Há também sinais de mudança social na figura da filha que se mobiliza junto dos camponeses. O pai não a ouve; a clássica falta de comunicação entre as gerações. Ela tem a cara perfeita para uma revolucionária comunista, e o filme sabe disso, captando um momento que ela marcha na frente de uma multidão de humildes. Mas essa mudança social também está nos ricos, na figura do filho do dono das terras que produz o grão, e que realiza contrabando escondido do pai. O que o filme faz então é denunciar, bem sutilmente, a flexibilidade moral entre uma geração endurecida pela seca e uma outra, mimada demais.
Todos os elementos da história residem nos seus personagens, que não podem evitar serem arquétipos universais do sofrimento humano na sociedade contemporânea. Mas mesmo com esse controle narrativo absurdo que o Cinema proporciona, este filme não consegue prender a atenção de quem o assiste. Talvez falte a fagulha criativa do homem quando este morre de fome sem comida nem princípios. Mas estou especulando. A história é reta, mas sua interpretação inteiramente subjetiva. Faltou um pouco de inspiração de Eisenstein e outros teóricos russos sobre a manipulação na montagem do filme.

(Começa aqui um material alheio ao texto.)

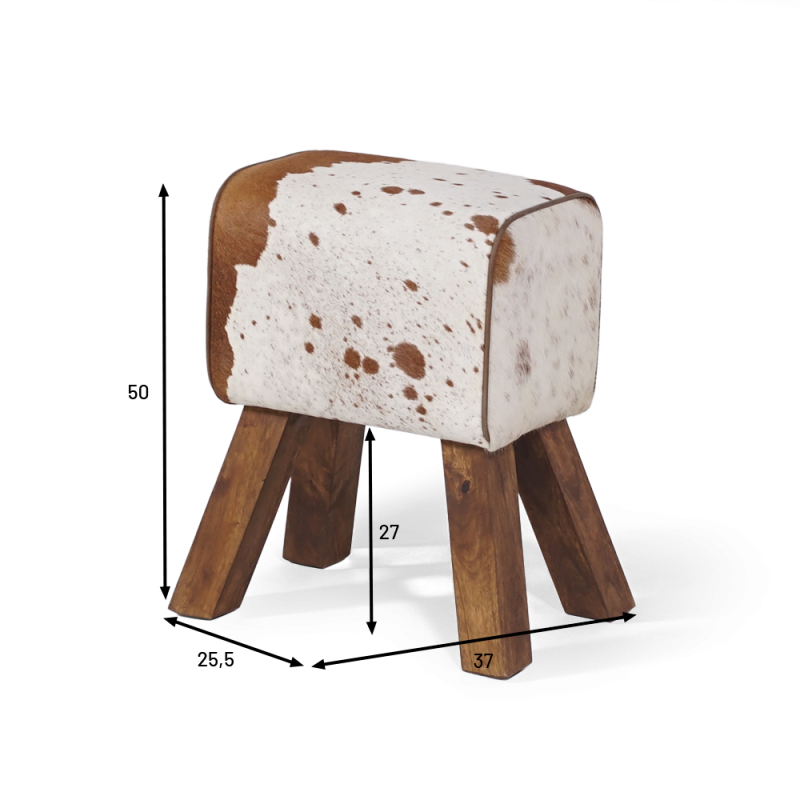 Petit banc cheval d'arçon en peau de peau vache - Ranch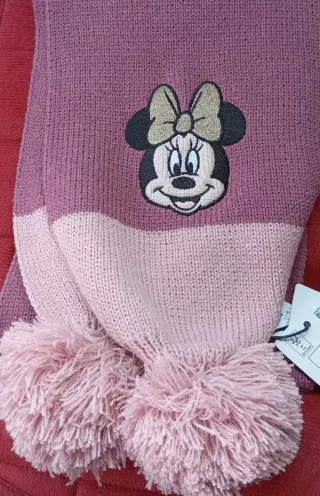 Sciarpa Minnie Mouse rosa/lilla con pon pon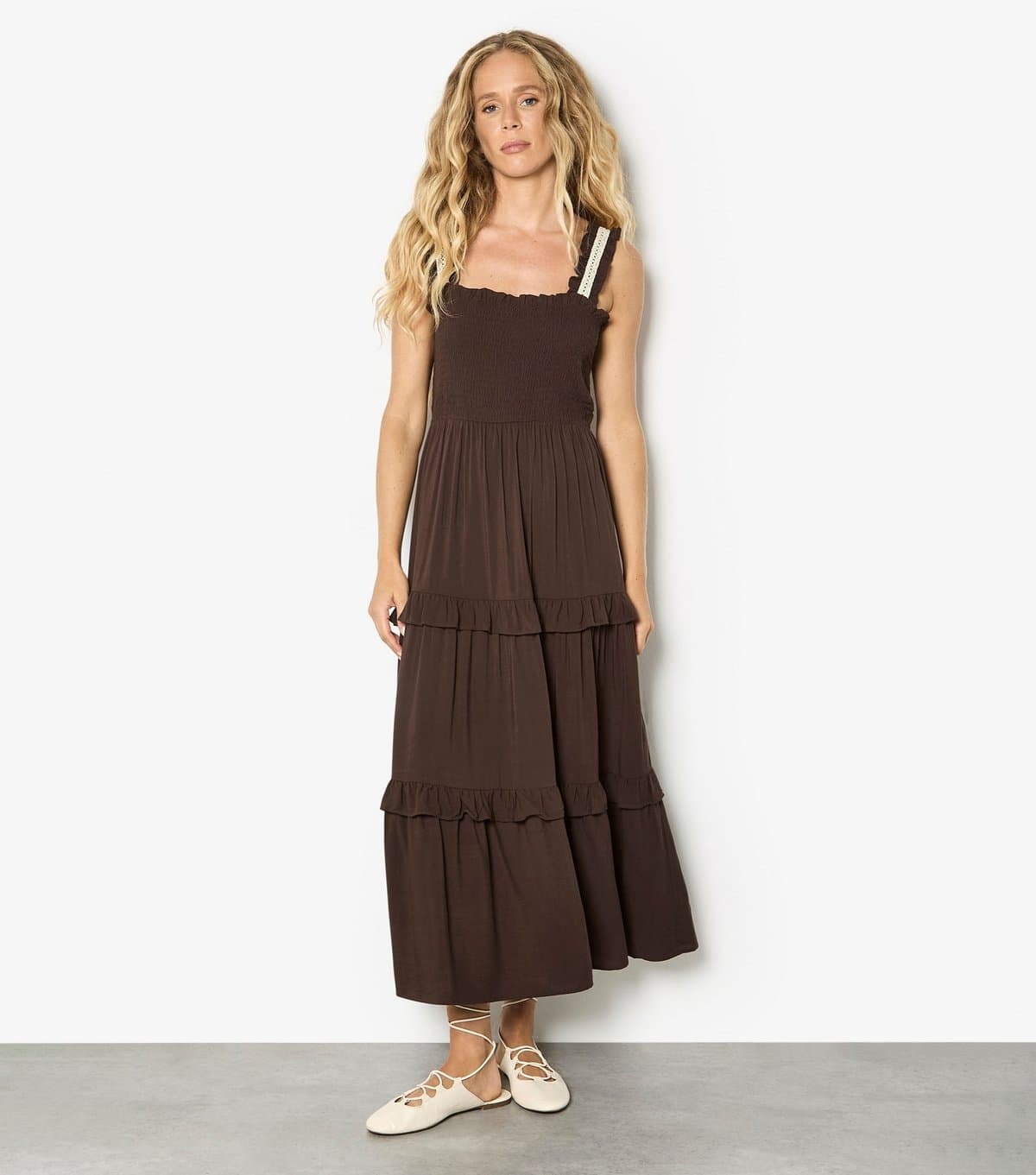 Apricot Women's Dark Brown Crochet Midi Dress Apricot New Look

Raiva é um filme sobre a pobreza em vários sentidos, não apenas material. Seus personagens são desagradáveis, como devem ser. Este é um filme ironicamente anti-humanidade, pois defende que ao se retirar tudo de um homem só lhe resta a emoção crua. Como um animal. E animais são abatidos para virar alimento. Logo, não entendo todo esse alvoroço pelos pobres. Além de tudo é contraditório.
“Raiva” (Por/Fra/Bra, 2018), escrito e dirigido por Sérgio Tréfaut, baseado em livro de Manuel da Fonseca, com Isabel Ruth, Leonor Silveira, Hugo Bentes.